Stored data entries:
Start of Block

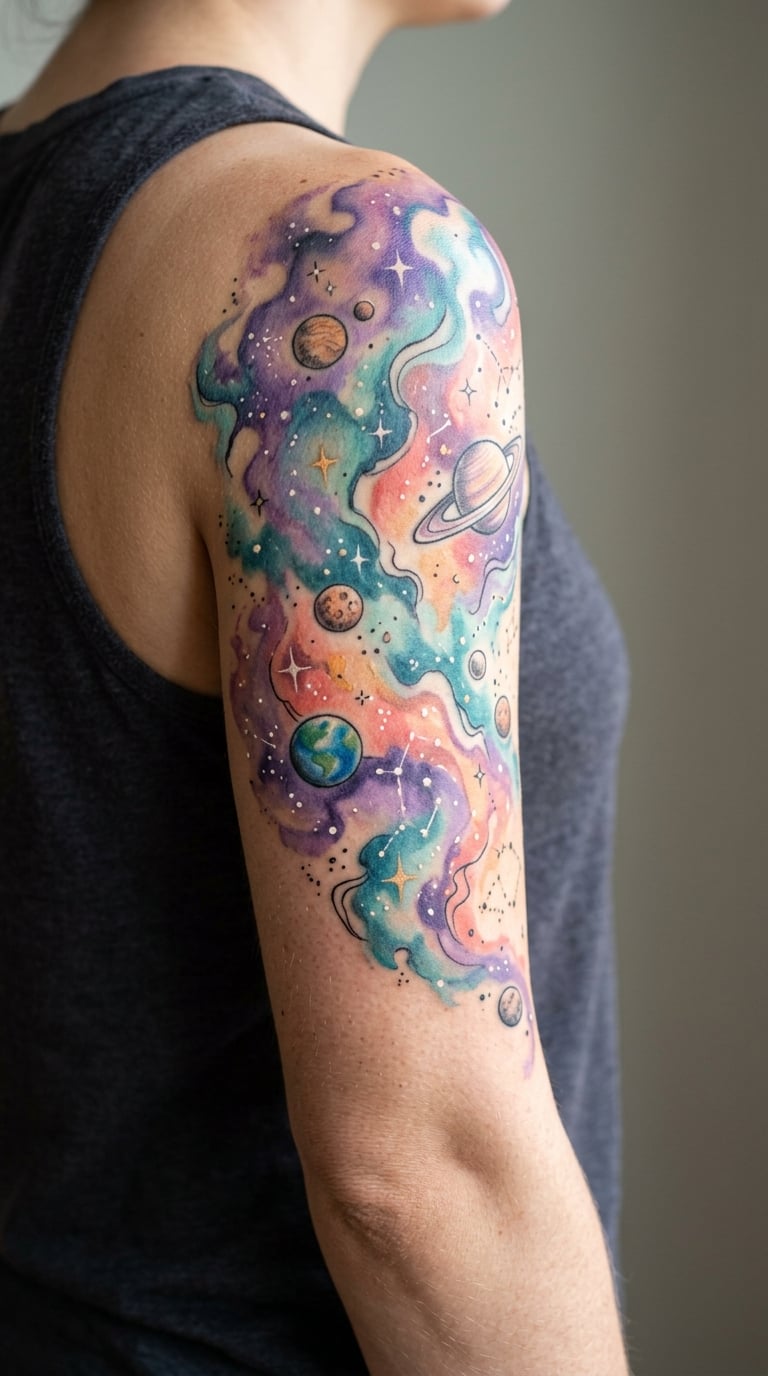 Watercolor Nebula Arm Sleeve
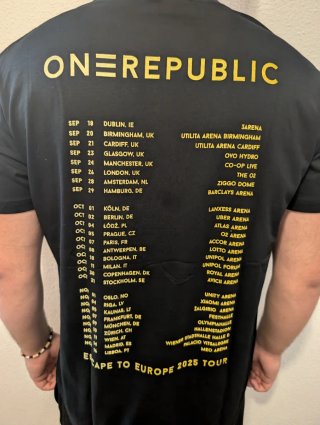 CAMISETA NEGRA - ONEREPUBLIC - TALLA XL y más...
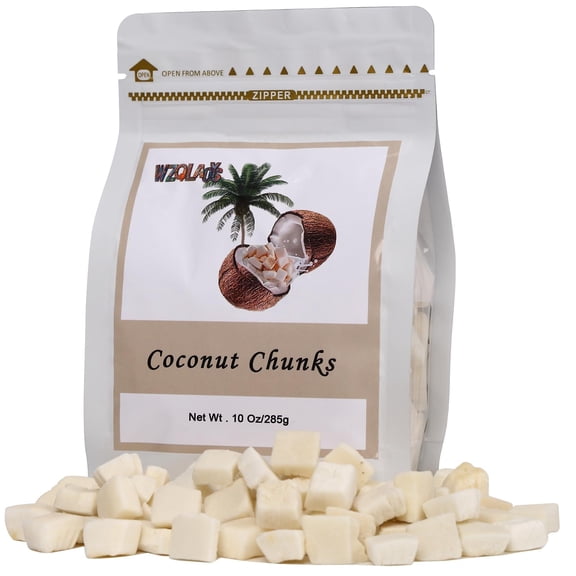 Dried Coconut Chunks 10oz GGA1 Tropical Fruit Snack Unsweetened, No Artificial Colors or Flavors,In Resealable Bags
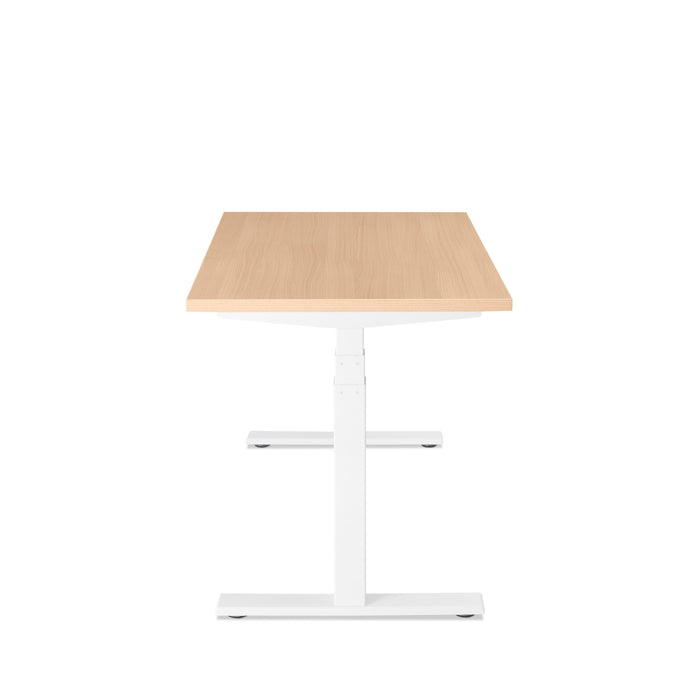 Modern white standing desk with wooden tabletop isolated on white background. (Natural Oak-47&quot;)(Natural Oak-47&quot;)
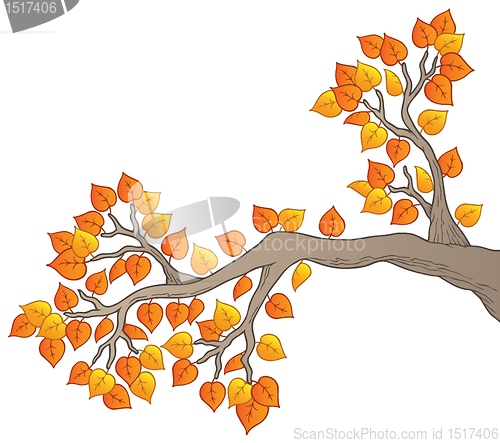 Image of Cartoon tree branch with leaves 2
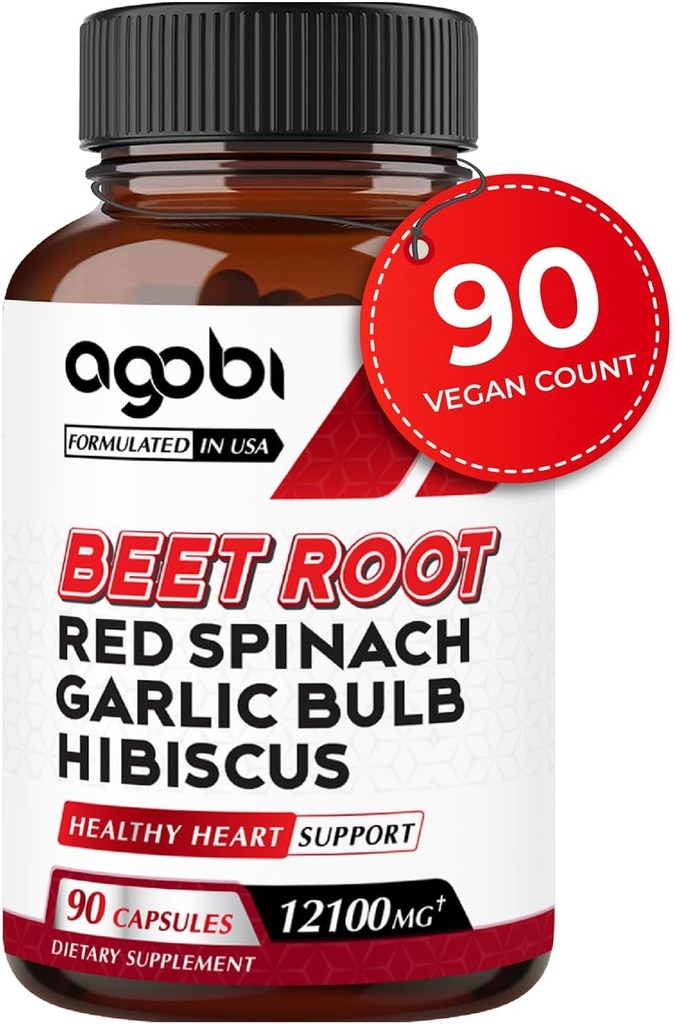 5in1 Kořeny řepy Kapsle - Přidáno s Red Spinach, Organic Česnek Bulb, Hibiscus & Black Pepper - Podpora pro výrobu energie, imunitní systém a stravitelné zdraví - 90 Veganské Kapsle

End of Block

### EXERCISE REQUIREMENTS
Each record is to be restated word for word; no picture goes in.

### FINISHED TASK
 Watercolor Nebula Arm Sleeve
 CAMISETA NEGRA - ONEREPUBLIC - TALLA XL y más...
 Dried Coconut Chunks 10oz GGA1 Tropical Fruit Snack Unsweetened, No Artificial Colors or Flavors,In Resealable Bags
 Modern white standing desk with wooden tabletop isolated on white background. (Natural Oak-47&quot;)(Natural Oak-47&quot;)
 Image of Cartoon tree branch with leaves 2
 5in1 Kořeny řepy Kapsle - Přidáno s Red Spinach, Organic Česnek Bulb, Hibiscus & Black Pepper - Podpora pro výrobu energie, imunitní systém a stravitelné zdraví - 90 Veganské Kapsle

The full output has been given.